Growing up, all children are supposed to learn the same basic skills: politeness, respect and organization. Unfortunately, I never understood the importance of at least one (and maybe more) of those skills. To this day, I have absolutely no penchant for organization.

Although my mom stopped nagging me about cleaning my room years ago (she found it was pointless), my teachers continue to be disappointed by the state of my backpack, even if indirectly.

Earlier this year, a teacher for whom I tutor told me I would need to make sure her freshmen stay organized.

“They never learned how to use binders,” she said. “They just put every paper in their backpack and then they never find them again!”

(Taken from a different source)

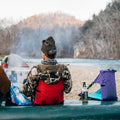 Outdoor Camping Cushion With Backrest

I accepted her mission with a bright red face—for as much as she might have been talking about her students, she was also certainly talking about me.

I discovered years ago that the quickest way to pack up after class is indiscriminately shoving papers into my backpack. The question for me has never been can I find a piece of paper, but rather how long is it going to take? (Through careful estimation, I believe it to be about five minutes.)

I’m not sure why organization and I never hit it off. Some of my friends spend their Friday nights with cold, grey filing cabinets; although these devices can never love back, my friends assure me it’s worth it in the end.

I tend to take them at their word because I no longer own a filing cabinet—it was relegated to my “Organizational Junk” pile along with every other system I’ve ever tried. Just like some people subscribe to the latest fad diet, I try the newest organization system (binders, folders, plastic trays). And just like most fad diets, the system never works for long.

My lack of organization is an embarrassment I have often tried to correct, but unfortunately never with success.

Although this year I am trying to be more organized, I find that many things are conspiring against me.

The school’s five minute passing periods are not long enough to sort, hole punch, staple and file. Because I don’t see six-minute passing periods in our future however, there remain only two reasonable ways to make organization (for me, for those freshmen and for everyone!) more possible.

Teachers pass out thousands of papers every week, and the vast majority of those papers are not sorted, hole punched or stapled. Perhaps they could facilitate organization by using the copier that does those things.

Or they could just not pass out those pesky papers at all.